# Exercise details
For each record that follows, write out an identical copy.

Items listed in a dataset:
###

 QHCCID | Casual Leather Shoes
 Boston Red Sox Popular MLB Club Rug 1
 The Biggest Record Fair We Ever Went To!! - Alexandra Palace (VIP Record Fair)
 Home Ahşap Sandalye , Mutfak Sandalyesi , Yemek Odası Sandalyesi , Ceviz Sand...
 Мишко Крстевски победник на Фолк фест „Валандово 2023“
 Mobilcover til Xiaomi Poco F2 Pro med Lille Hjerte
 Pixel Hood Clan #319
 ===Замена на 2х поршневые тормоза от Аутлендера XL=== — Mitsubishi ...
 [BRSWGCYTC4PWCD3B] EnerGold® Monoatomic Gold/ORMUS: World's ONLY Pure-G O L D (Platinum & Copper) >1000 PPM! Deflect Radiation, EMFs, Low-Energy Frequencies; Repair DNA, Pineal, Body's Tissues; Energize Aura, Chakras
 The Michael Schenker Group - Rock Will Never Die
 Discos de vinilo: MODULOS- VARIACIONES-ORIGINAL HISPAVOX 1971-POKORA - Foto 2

###

# Exercise result
 QHCCID | Casual Leather Shoes
 Boston Red Sox Popular MLB Club Rug 1
 The Biggest Record Fair We Ever Went To!! - Alexandra Palace (VIP Record Fair)
 Home Ahşap Sandalye , Mutfak Sandalyesi , Yemek Odası Sandalyesi , Ceviz Sand...
 Мишко Крстевски победник на Фолк фест „Валандово 2023“
 Mobilcover til Xiaomi Poco F2 Pro med Lille Hjerte
 Pixel Hood Clan #319
 ===Замена на 2х поршневые тормоза от Аутлендера XL=== — Mitsubishi ...
 [BRSWGCYTC4PWCD3B] EnerGold® Monoatomic Gold/ORMUS: World's ONLY Pure-G O L D (Platinum & Copper) >1000 PPM! Deflect Radiation, EMFs, Low-Energy Frequencies; Repair DNA, Pineal, Body's Tissues; Energize Aura, Chakras
 The Michael Schenker Group - Rock Will Never Die
 Discos de vinilo: MODULOS- VARIACIONES-ORIGINAL HISPAVOX 1971-POKORA - Foto 2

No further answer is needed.